Evaluating US Policy on Horn of Africa (David Shinn)

Two spoiler groups, which may have concluded it is in their interest for conflict to continue, are also benefiting from the current deadlock. The al-Shabaab militia, which once served as the muscle for the Islamic Courts, is by most accounts gaining strength.

Some key al-Shabaab leaders now operate independently of the Islamic Courts while others reportedly still follow its lead. Mogadishu’s warlords, some of whom now support the TFG, are notorious for switching sides or operating completely independently when that serves their purpose. Often backed by businessmen, some of them actually benefit financially from continuing conflict. Neither they nor al-Shabaab can be counted on to
work for peace or to serve the broader interests of the Somali people.
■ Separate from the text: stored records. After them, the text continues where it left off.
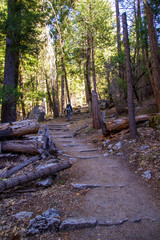 Yosemite Fall 2019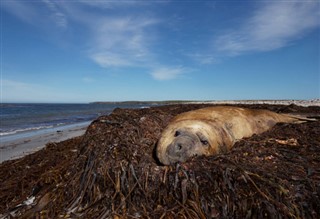 Falklandseyjar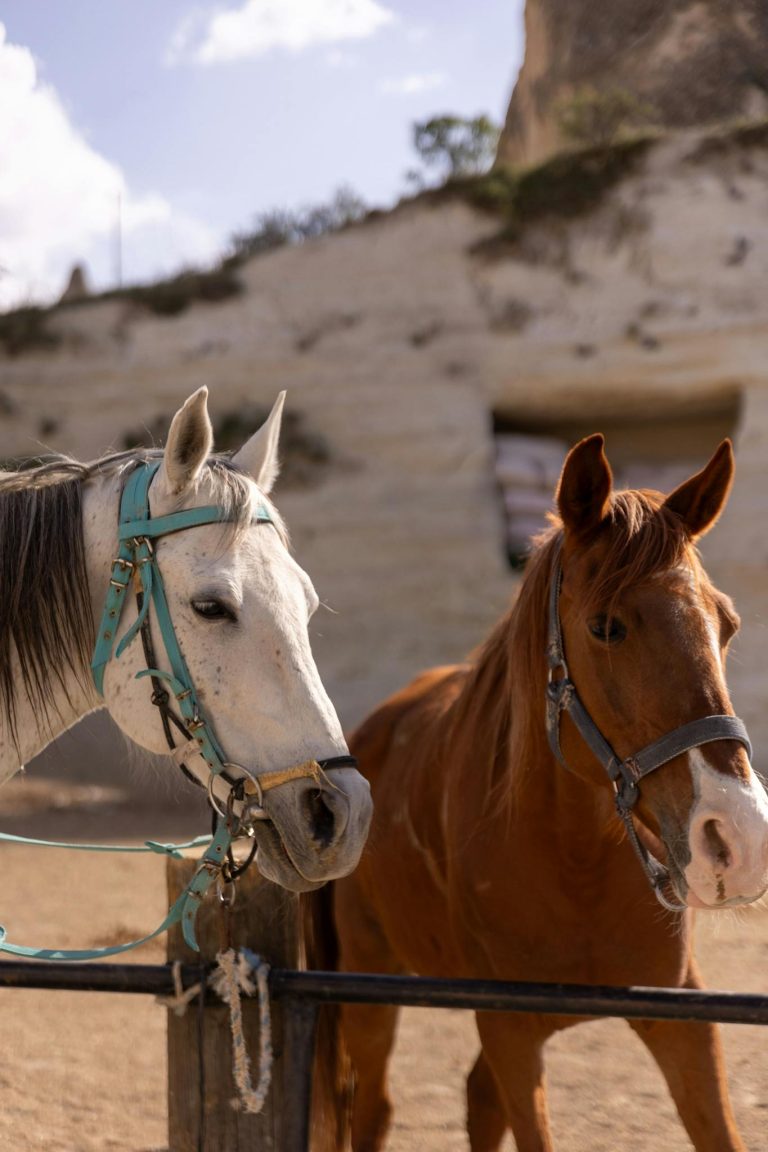 Two horses stand by a wooden fence amidst Cappadocia's unique rock formations.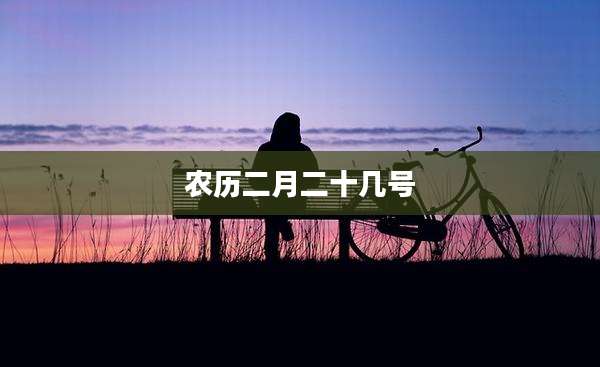 农历二月二十几号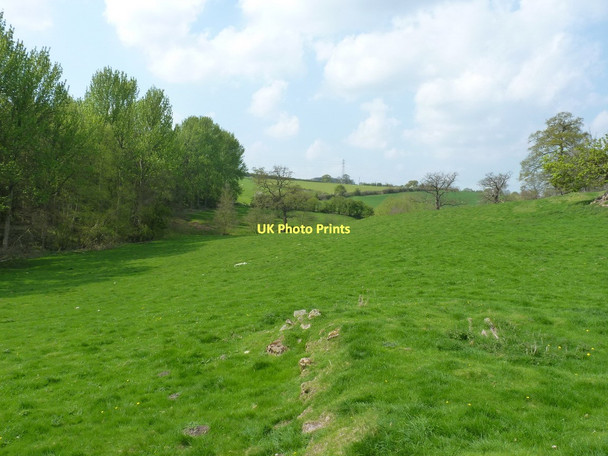 Photo 6"x4" In the Dean Brook valley Darley\/SO6899 c2011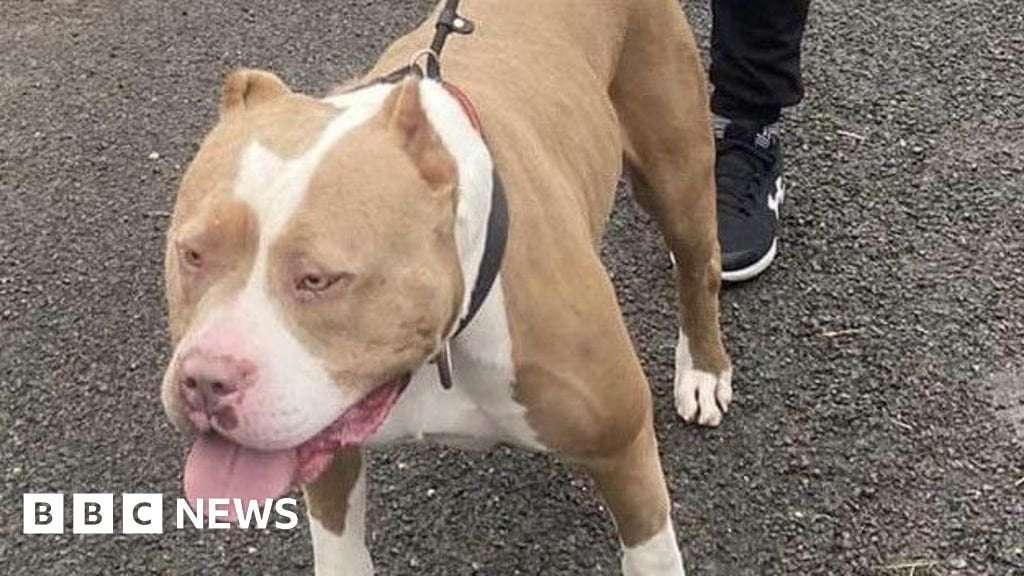 image for XL bullies: Republic of Ireland to restrict ownership of dog breed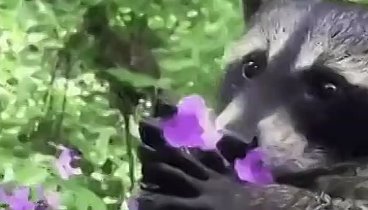 Видеоролик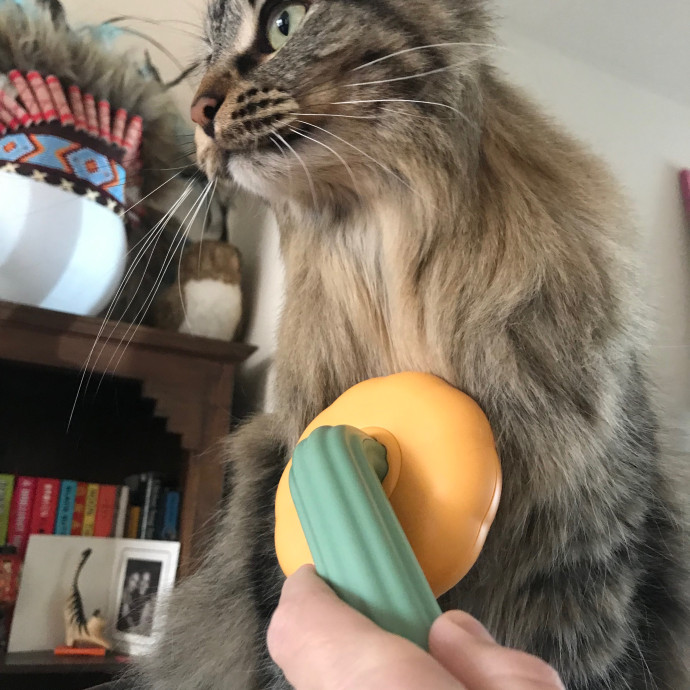 Mina's Cat Sitting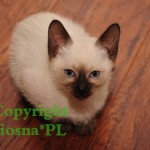 Happy Viosna*PL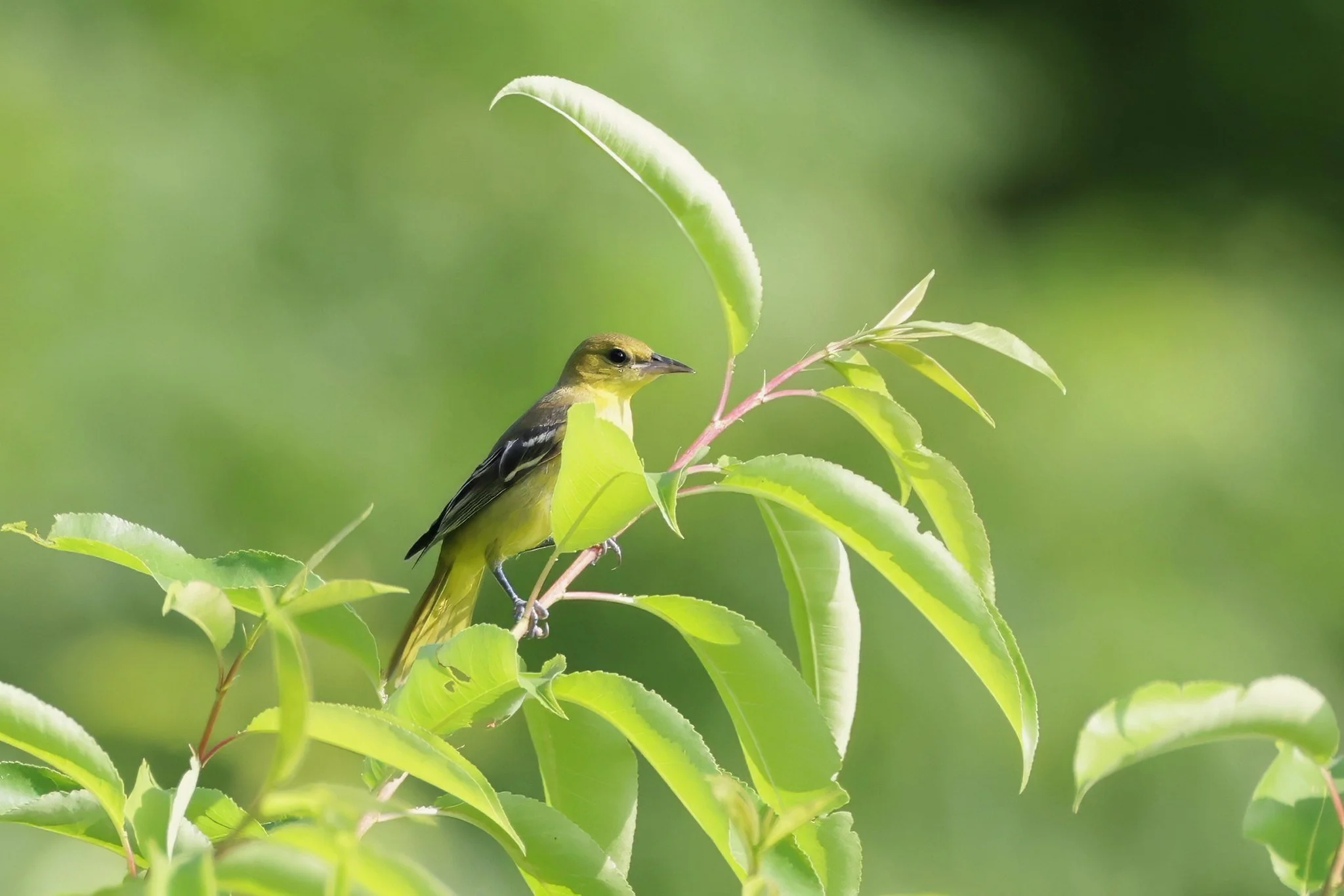 OROR Orchard Oriole female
The positive development in this otherwise bleak analysis of Somalia was the appointment in 2007 of Prime Minister Nur “Adde” Hassan Hussein by President Abdullahi Yusuf. Nur Adde has stated that he supports a broad-based reconciliation process that takes into account Islamists and clan-based factions that now oppose the
TFG. He said the TFG is “ready to talk to those who are fighting in Mogadishu. Nobody is exempted from negotiations.” International envoys who have met with Nur Adde believe he is sincere in reaching out to disaffected Somali groups. There are still concerns, however, whether President Abdullahi Yusuf is as committed to a reconciliation process with the enemies of the TFG. Nor is it clear that the ARS is prepared to join a government of national unity before the departure of all Ethiopian troops. Such a precondition would result in even more chaos in Mogadishu than exists now. Nur Adde has for the first time raised the possibility of real accommodation with the TFG’s opponents. A sequenced departure of Ethiopian troops agreed upon by both
the TFG and ARS should not be ruled out.

The U.S. role in Somalia is focused primarily on countering terrorism, although it deserves credit for providing significant amounts of emergency assistance to Somalis through international and non-governmental organizations. So long as the U.S. effort in Somalia remains essentially to capture and kill bad guys, and there are some in Somalia, the U.S. marginalizes its ability to impact in a positive way any long-term solution to the
Somali problem. U.S. aerial attacks against suspected high value terrorist targets inside Somalia can be justified if there is a very high probability they are conducted on the basis of accurate, up-to-the minute intelligence. Going back many years, however, the U.S. record for accurate intelligence in this part of the world is, unfortunately, not very good. The U.S. has conducted four aerial attacks inside Somalia since January 2007. The most recent one occurred early in March. If there was any success against high value targets as a result of these attacks, this information has not become public knowledge. Anecdotal evidence suggests the aerial attacks accomplished little. In the meantime, each American attack only increases the anger of most Somalis towards the U.S., Ethiopia, and the TFG.